Copy the material below verbatim from the line with "dining area featuring" to the line with "A Dongson bronze", both lines included, omitting pictures and every line outside that range.

» Record excerpts:
+-------+
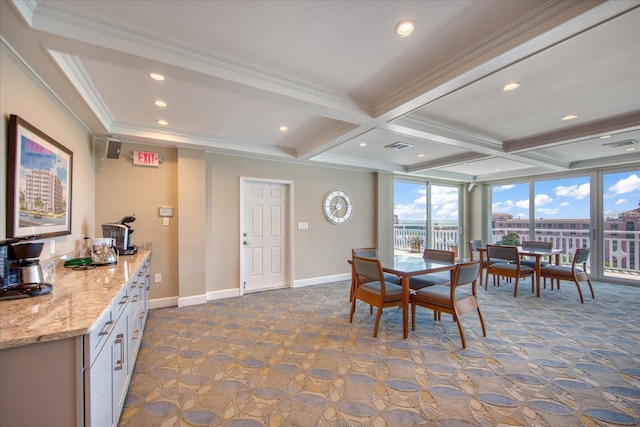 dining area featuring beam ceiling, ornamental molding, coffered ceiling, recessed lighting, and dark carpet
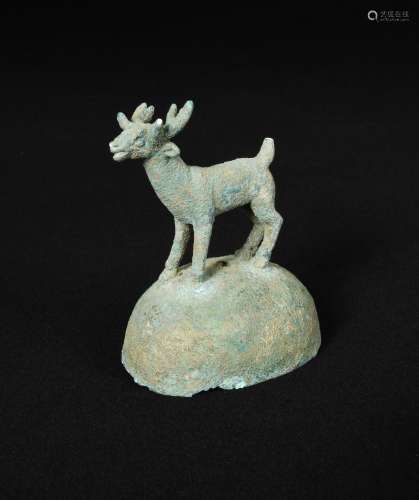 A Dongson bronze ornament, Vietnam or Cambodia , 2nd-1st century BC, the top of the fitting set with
+-------+
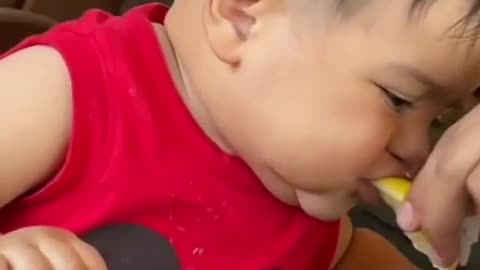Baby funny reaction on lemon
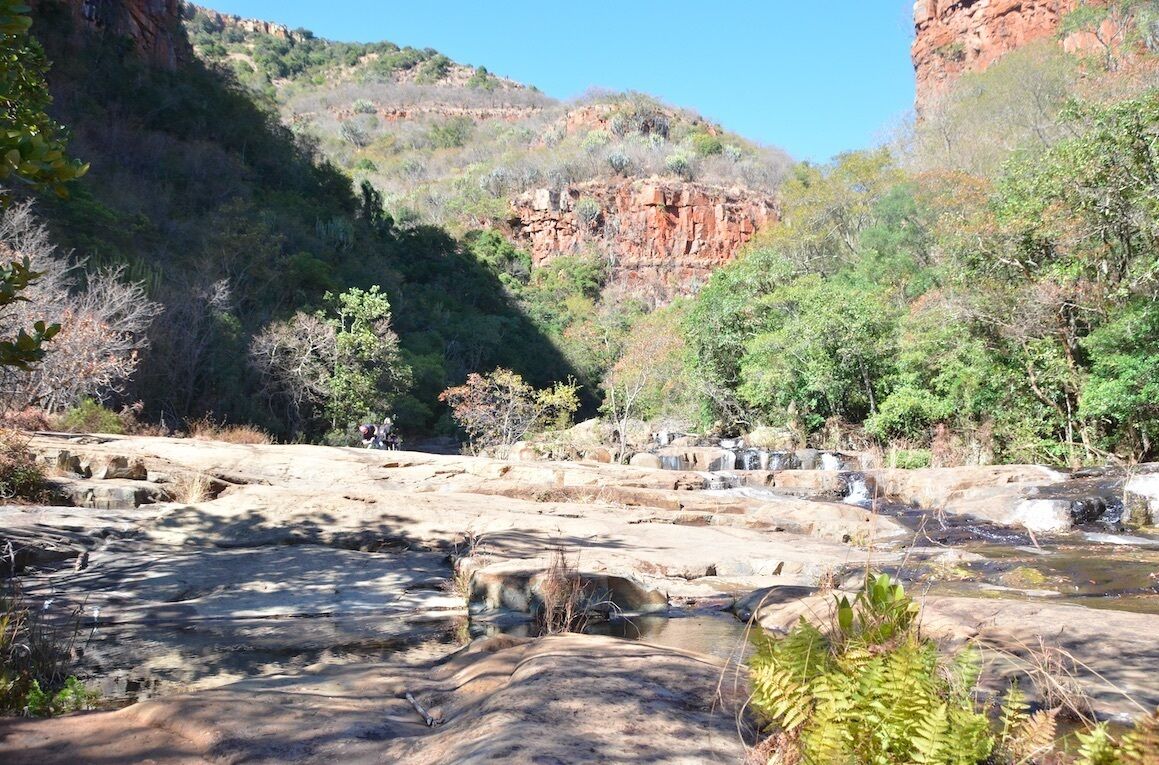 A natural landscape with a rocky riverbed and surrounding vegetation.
+-------+
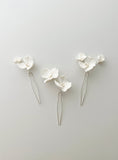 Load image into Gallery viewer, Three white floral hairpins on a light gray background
+-------+
» Output below:
 dining area featuring beam ceiling, ornamental molding, coffered ceiling, recessed lighting, and dark carpet
 A Dongson bronze ornament, Vietnam or Cambodia , 2nd-1st century BC, the top of the fitting set with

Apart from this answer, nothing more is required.